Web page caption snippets
::::::::::

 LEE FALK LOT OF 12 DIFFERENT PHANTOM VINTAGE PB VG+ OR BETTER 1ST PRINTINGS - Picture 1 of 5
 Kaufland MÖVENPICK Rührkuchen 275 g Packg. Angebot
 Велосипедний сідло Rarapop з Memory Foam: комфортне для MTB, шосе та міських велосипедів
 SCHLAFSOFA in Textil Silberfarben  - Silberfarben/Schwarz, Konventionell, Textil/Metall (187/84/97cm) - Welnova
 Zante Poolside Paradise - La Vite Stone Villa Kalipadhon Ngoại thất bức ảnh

::::::::::

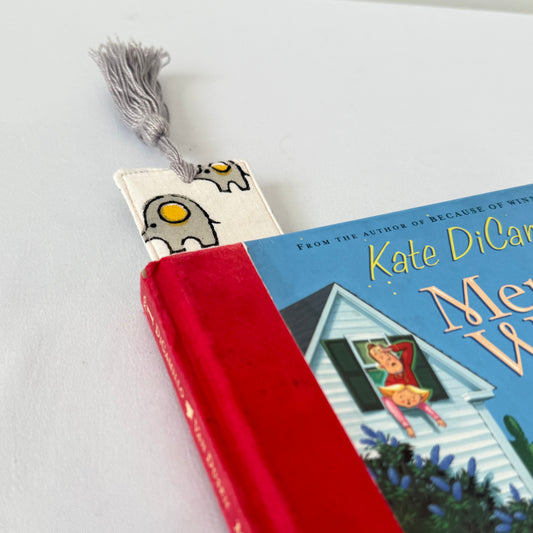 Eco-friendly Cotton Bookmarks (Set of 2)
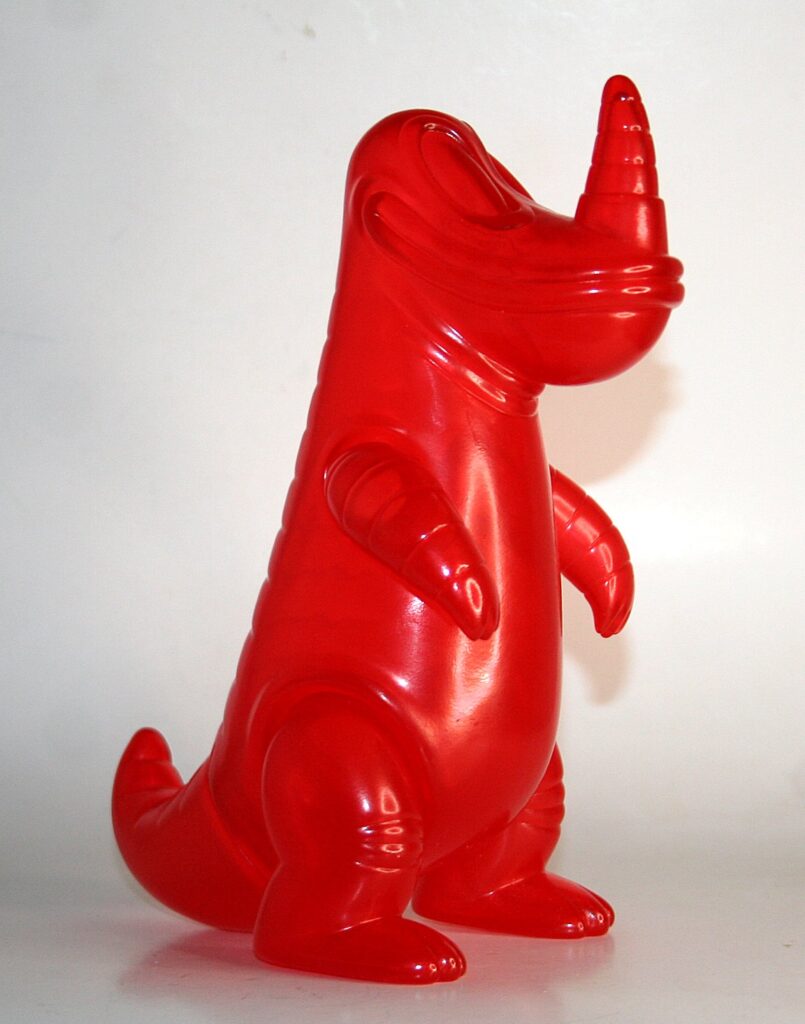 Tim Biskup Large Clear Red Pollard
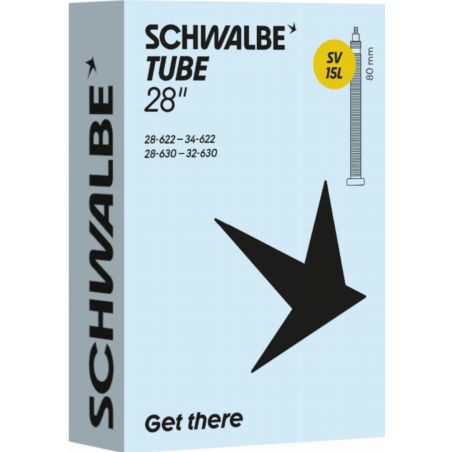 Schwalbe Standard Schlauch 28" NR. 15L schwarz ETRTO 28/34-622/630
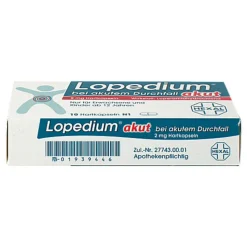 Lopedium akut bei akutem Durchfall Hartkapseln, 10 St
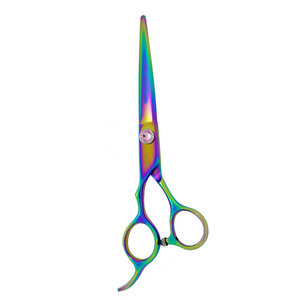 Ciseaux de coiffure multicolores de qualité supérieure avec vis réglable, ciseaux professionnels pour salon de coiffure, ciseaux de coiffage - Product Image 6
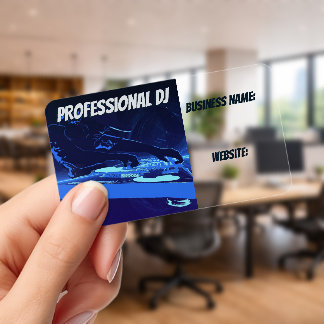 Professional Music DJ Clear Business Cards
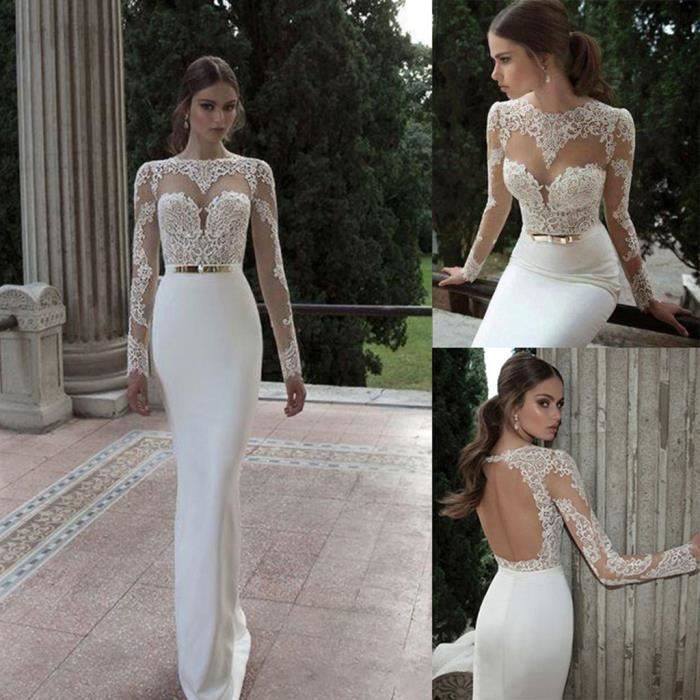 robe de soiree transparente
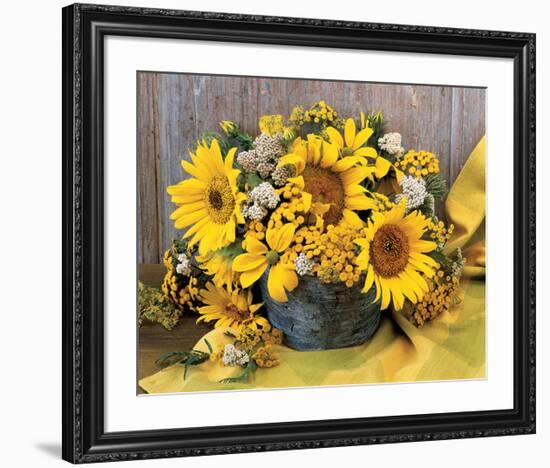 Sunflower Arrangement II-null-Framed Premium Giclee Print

::::::::::

### EXERCISE OBJECTIVE
An exact copy of the lines above, from the one containing "LEE FALK LOT" through the one containing "Zante Poolside Paradise", is the whole of the answer.

### RESULT
 LEE FALK LOT OF 12 DIFFERENT PHANTOM VINTAGE PB VG+ OR BETTER 1ST PRINTINGS - Picture 1 of 5
 Kaufland MÖVENPICK Rührkuchen 275 g Packg. Angebot
 Велосипедний сідло Rarapop з Memory Foam: комфортне для MTB, шосе та міських велосипедів
 SCHLAFSOFA in Textil Silberfarben  - Silberfarben/Schwarz, Konventionell, Textil/Metall (187/84/97cm) - Welnova
 Zante Poolside Paradise - La Vite Stone Villa Kalipadhon Ngoại thất bức ảnh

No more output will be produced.